Direct connections into cloud datacenters are not generally possible with a premises-based SD-WAN. Organizations moving to cloud communications should look at either cloud-based SD-WANs, or alternatives for cloud access and SD-WAN from a core site to branches. One consideration is the impact on the quality for remote users that are routed through a corporate site to the cloud. For organizations looking for Communication as a Service (CaaS), a cloud-based SD-WAN would appear to be the best option.
Path privacy is a new aspect of IP based communications. It is an offshoot of cloud data storage. In data storage, data stored in a specific geographic area is subject to the laws (and subpoena/disclosure) laws in that geography. Similarly, real-time traffic may be captured or recorded in certain geographies. For example, communications can be recorded and subpoenaed in the US. EU privacy regulations conflict with US subpoena law, which is why most cloud providers have storage in the EU. And as a result, Swiss banks avoid certain countries when routing some types of traffic. With recordable VoIP and other media, the same level of control may emerge in the real-time space. Regional data storage is the precursor to managing paths for privacy. Path Privacy is designed to assure that the route a session follows can be defined and controlled so that specific conversation does not go through a geography that may be hostile.

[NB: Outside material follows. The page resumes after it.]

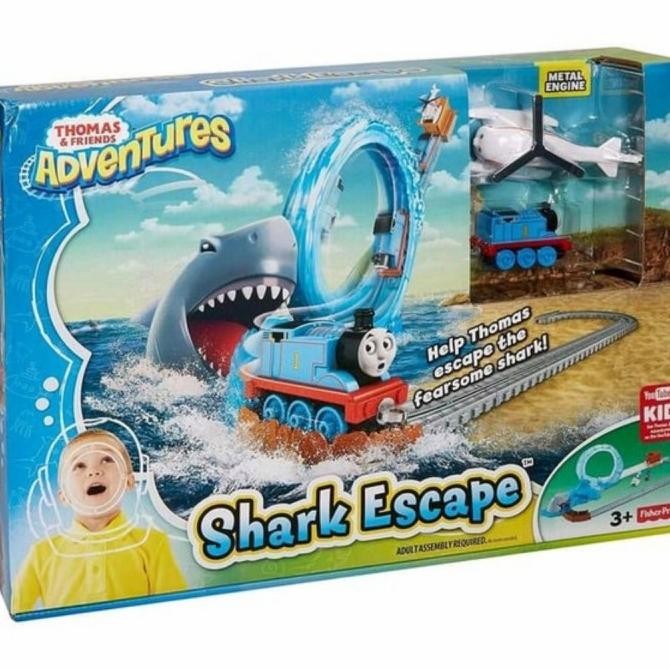 Thomas and Friends Advebture Shark Escape Playset original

The cloud-based architecture is generally going to be the best for managing the path of flows. Premise-based solutions do not generally have the tools to relate an IP path to a physical path. Generally, access carriers will have good route/geography data for their territory but often will not have good path management in other areas.
The cloud-based SD-WAN players, with a large number of defined POPs, are in the best position to manage and control paths both to and especially between their POPs. In this case, for example, a video call from Europe to Mexico, for example, might be routed around the US as the set-up precluded the call being monitored by US authorities.
While all three basic SD-WAN architectures can carry voice and video, cloud-based SD-WANs seems to have the best set of characteristics for real-time data. The combination of flow management or media quality, tools, CaaS access, and path management seem suited to the broadest range of customers. The use of private interconnections between POPs is an architectural design that eliminates a level of variability and enhances real-time delivery. Pricing must be assessed, obviously, but from an architecture standpoint, cloud-based SD-WAN seems best positioned to address the range of challenges faced by anyone looking at UCaaS or other real-time applications.